- Prototype (N186)

General information
- Type: Patrol and general-purpose flying boat
- National origin: United Kingdom
- Manufacturer: S. E Saunders Ltd.
- Designer: Henry Knowler
- Status: Prototype
- Primary user: Royal Air Force
- Number built: 1

History
- First flight: June 1926

= Saunders Valkyrie =

Large three-engined biplane flying boat

The Saunders A.3 Valkyrie was a large three-engined biplane flying boat with a wooden hull built to an Air Ministry specification. It was not found suitable for production and helped to confirm a preference for metal-hulled flying boats.

==Development==
The Saunders A.3 Valkyrie was built in response to Air Ministry specification 22/24 for a large general duty and patrol flying boat, Saunders receiving an order for a single prototype for trials in February 1925. It was a three-engined biplane with a two step monocoque hull, circular apart from the shallow, curved planing bottom. The fuselage had no internal bulkheads and was deliberately designed to be flexible so as to absorb the shocks of landing, though there was a rigid section under the wings. As with Saunders' other wooden aircraft, Valkyrie's hull was covered with Consuta sewn stress-bearing plywood. It accommodated a crew of five. There was a pair of open tandem cockpits with dual flying controls well forward of the wing leading edge. Below this, aft and in the hull were the navigation and radio operator's position, and further aft, behind the trailing edge there were two gunners' positions, roughly in tandem but offset port and starboard, each fitted with machine guns on Scarff rings. The gunner's cockpit in the nose was similarly equipped. There were bunks and living space for all five crew in the rigid part of the hull. The fin was large and angular, carrying the braced rectangular tailplane with unbalanced elevators above the top of the hull. The fin also carried a large and prominently balanced rudder with a rudder servo surface on outriggers.

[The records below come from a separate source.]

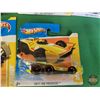 Image 13 : Hot Wheels (8) : Variety (c.2010/2011 Mattel) - 2012 HW Premiere - 2011 HW Premiere  (SEE PICS!)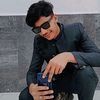 user20805729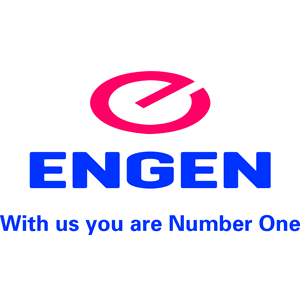 Engen: Mechanical Learnerships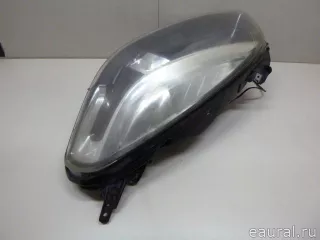 260604103R Renault Фара левая Renault Koleos Арт E22530114, вид 6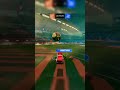 JUST GIVE ME THE BALL😭🙏 #rocketleague #rlchamp #rl #rlcompetitivo #rocketleagueclips #gaming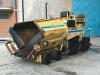 Bitelli BB630 Photo 1 thumbnail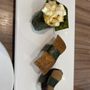 Photo of Wind Japanese & Thai - Niagara Falls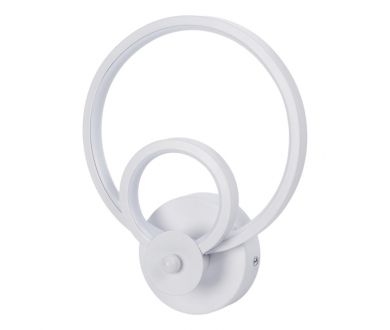 Бра Escada Orbita 10237/2LED 13W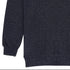Crewneck Sweater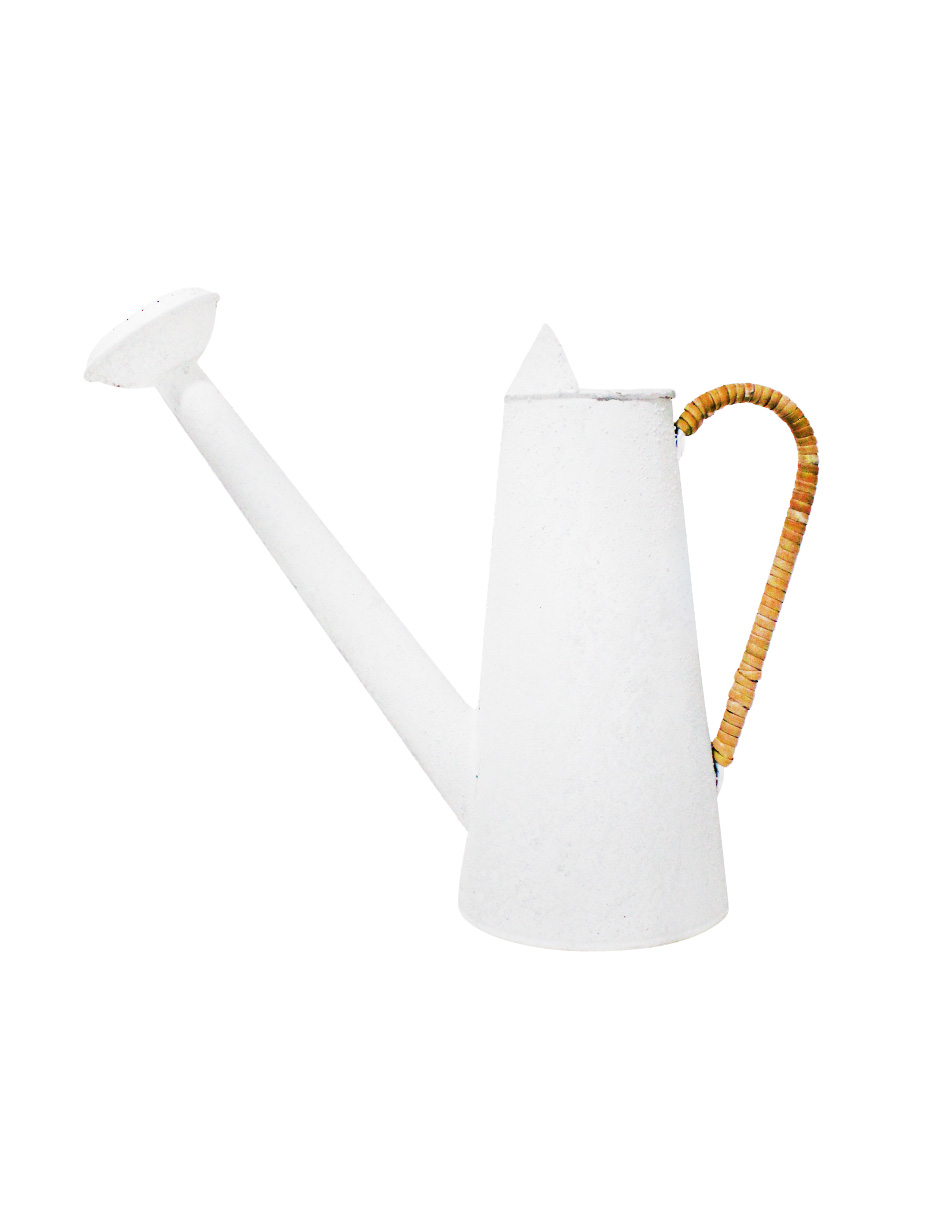 075071090349-galerias el triunfo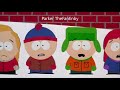 south park ytp kyle s mom is a bitch but cartman keeps getting his ass beat by kyle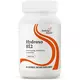 SEEKING HEALTH HYDROXO B12 / ВІТАМІН Б12 ГІДРОКСІКОБАЛАМІН 60 ПАСТИЛОК, фото 6 від магазину біодобавок nutrido.shop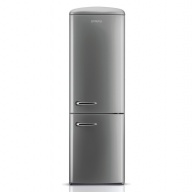Gorenje NRK60328OX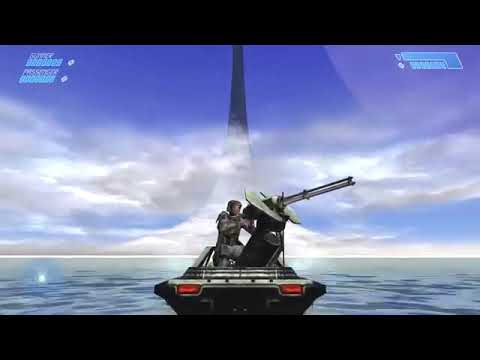 swimming with grunts™   Atmospheric Drum and Bass Mix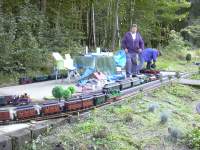 Foto zum Vergrößern bitte anklicken!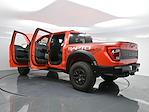 2023 Ford F-150 SuperCrew Cab 4x4, Pickup for sale #301160P - photo 22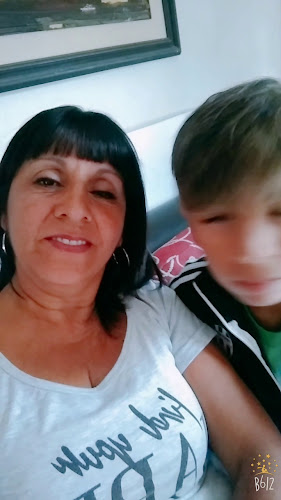 Resto Bar Pinni Fusión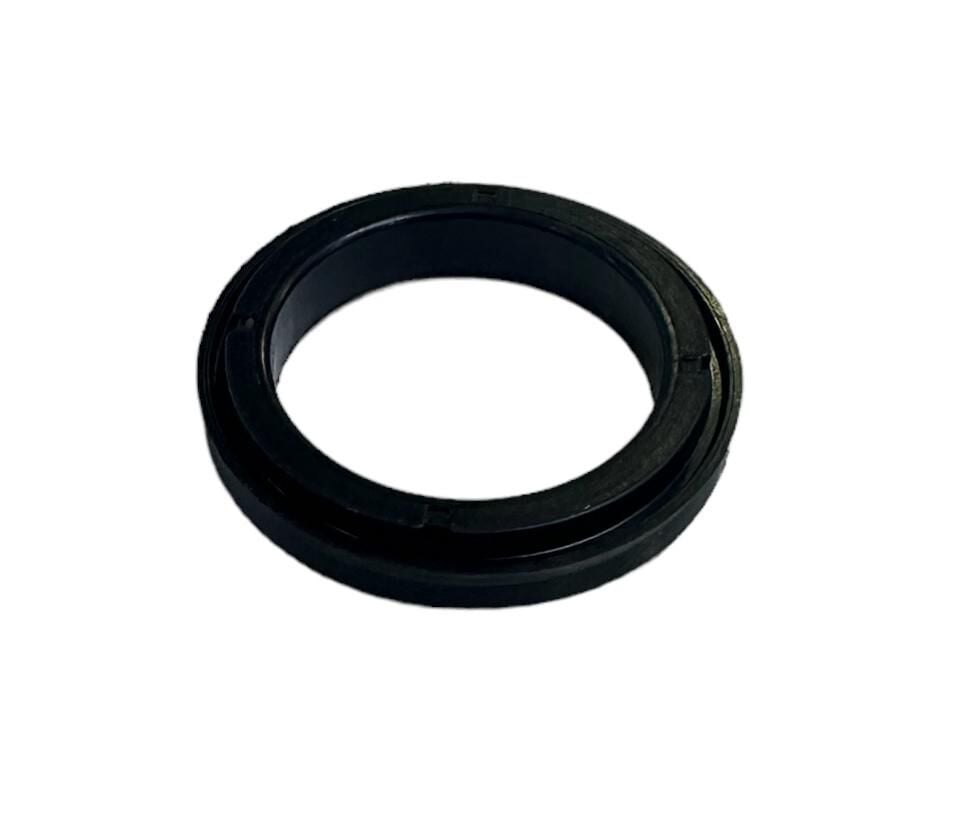 Cf Moto SR 250 Arka Mafsal Toz Keçesi Orjinal (6090-06005)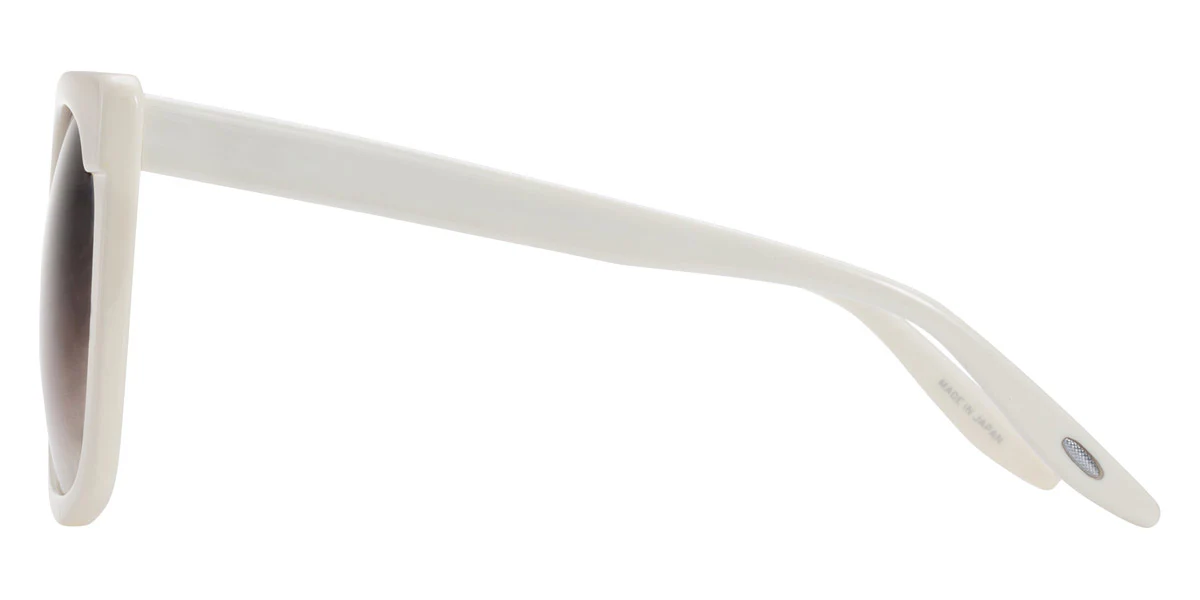 Barton Perreira® Vanity - Image 18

The wings were of equal span and almost no stagger, with slight sweep on the section outboard of the engines. These outboard sections each had two sets of simple vertical interplane struts, carried balanced ailerons on upper and lower planes and a V-bottomed stabilising float mounted clear of the lower wing. The wings were wooden structures with canvas covering, as was the upper centre section. The lower wing centre section was Consuta covered, mounted on a low pylon on the hull and braced to it with large N-shaped struts. The centre sections were joined by three sets of steel V-form struts, from which the Valkyrie's three 680 hp (505 kW) Rolls-Royce Condor water-cooled engines were mounted midway between the wings.

==Operators==
- Royal Air Force

==Operational history==
The Valkyrie flew for the first time around June 1926 in the hands of Frank Courtney and went to Air Ministry trials in the late spring of 1927 where the overall assessment was unenthusiastic. Nonetheless, in August the Valkyrie joined a Scandinavian tour, organised by the Flying Boat Development Flight, together with Blackburn Iris, Short Singapore and Supermarine Southampton flying boats. This tour helped the Air Ministry to decide that the future of flying boats was with metal, rather than wooden hulls with their water absorbing properties. The sole Valkyrie was broken up in 1929.